Tom Hayes promised to pay the broker up to $100,000 to keep the Libor rate "as low as possible", jurors were told.
The court heard that, in a telephone call in 2008, Mr Hayes said: "If you keep fixes unchanged, I'll do a humongous deal with you.
"I'll, of course, support and pay you... $50,000, $100,000."
Mr Hayes, 35, a former UBS and Citigroup trader, is facing eight counts of conspiracy to defraud.
He denies the charges.
Mr Hayes faced similar allegations on Wednesday. The court heard that he discussed manipulating the Libor rate with Will Hall, a trader at RBS, in February 2007.

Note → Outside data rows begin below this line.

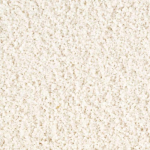 EBI TERRA DELLA Terrarium-soil BEACH  white 5kg -Bílý teráriový substrát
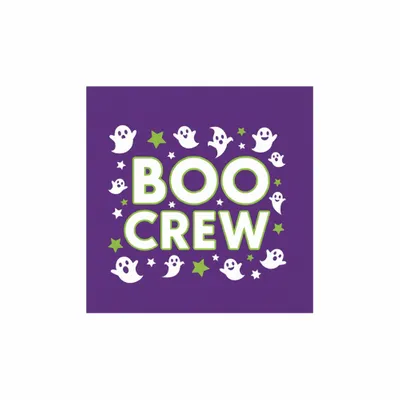 6.5 in x 6.5 in - Imprint Now - UK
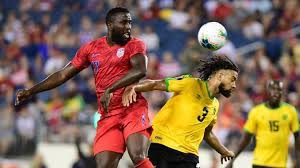 En qué canal ver el estados unidos vs jamaica, amistoso fifa. Jamaica Vs Usa 1 3 Goles Y Mejores Acciones As Usa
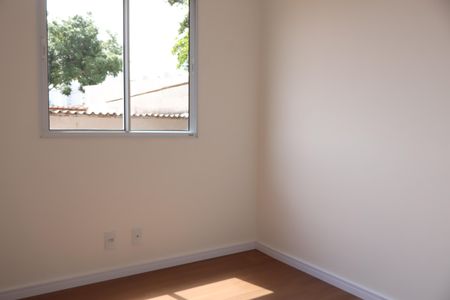 Apartamento para alugar com 38m², 2 quartos e sem vagaQuarto 2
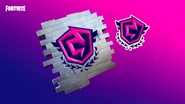 FNCS 2-4 - Promo - Fortnite.jpg (1 MB) Promo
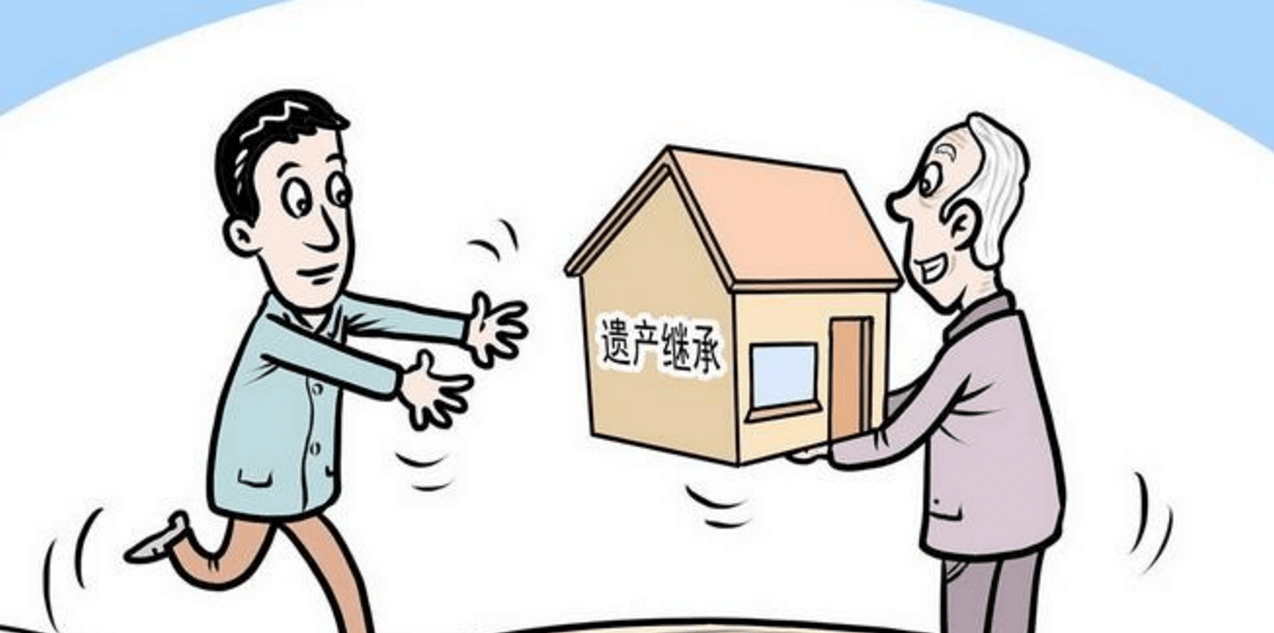 旅行者的梦想  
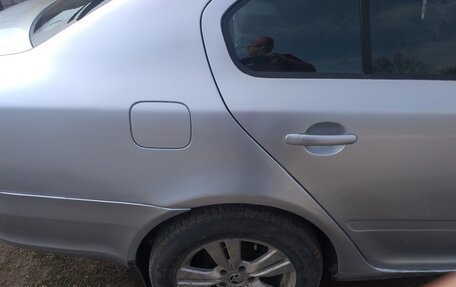 Skoda Octavia, 2012 год, 500 000 рублей, 5 фотография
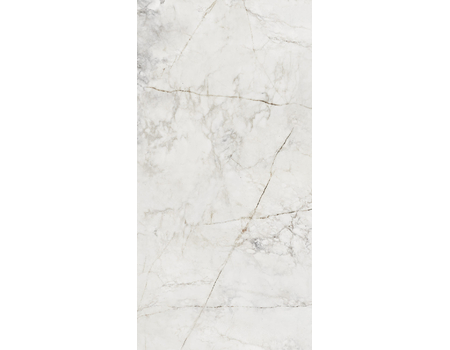 Balance Stone MAT 119,8x59,8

Mr Hayes said: "Three-month Libor is too high, 'cos I've kept it artificially high."
He said he had managed to do this by "being mates with the cash desks - [JP Morgan] Chase and I always help each other out".
Mr Hayes became an "increasingly dominant force" within his market by May 2008, Mukul Chawla QC told the jury.
Goldman Sachs offered Mr Hayes a guaranteed $3.2m for the year to join the bank, according to an email sent by UBS's head of European trades Sascha Prinz in 2008.
He refused Goldman Sachs' offer after UBS increased his pay.
Mr Hayes left UBS in September 2009 to join Citigroup, where he earned about $3.5m over nine months.
Libor - the London Interbank Offered Rate - is an interest rate used by banks around the world to set the price of financial products worth trillions of pounds.
Mr Hayes, from Fleet, Hampshire, was first arrested in 2012 before being formally charged in June 2013 with eight counts of conspiracy to defraud over the period 2006 to 2010.
The trial continues at Southwark Crown Court in London.